* [DATA SHOWN]
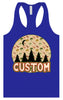 Custom Under the Stars Women's Racerback Tank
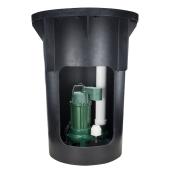 Zoeller Pro Sewage System 1/2-HP Cast Iron Submersible Sump Pump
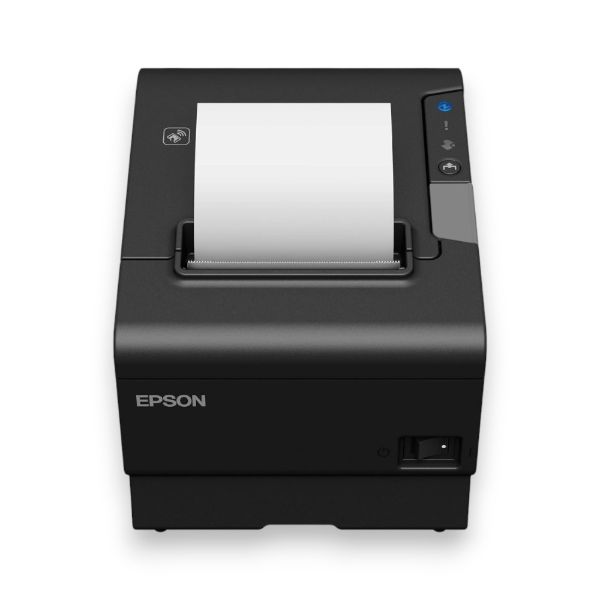 Picture of Epson TM-T88VI (111) Black USB/Ethernet/Serial Printer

* [YOUR ASSIGNMENT]
Copy out all the data exactly. The images should not appear in the copy.

* [WRITTEN SOLUTION]
 Custom Under the Stars Women's Racerback Tank
 Zoeller Pro Sewage System 1/2-HP Cast Iron Submersible Sump Pump
 Picture of Epson TM-T88VI (111) Black USB/Ethernet/Serial Printer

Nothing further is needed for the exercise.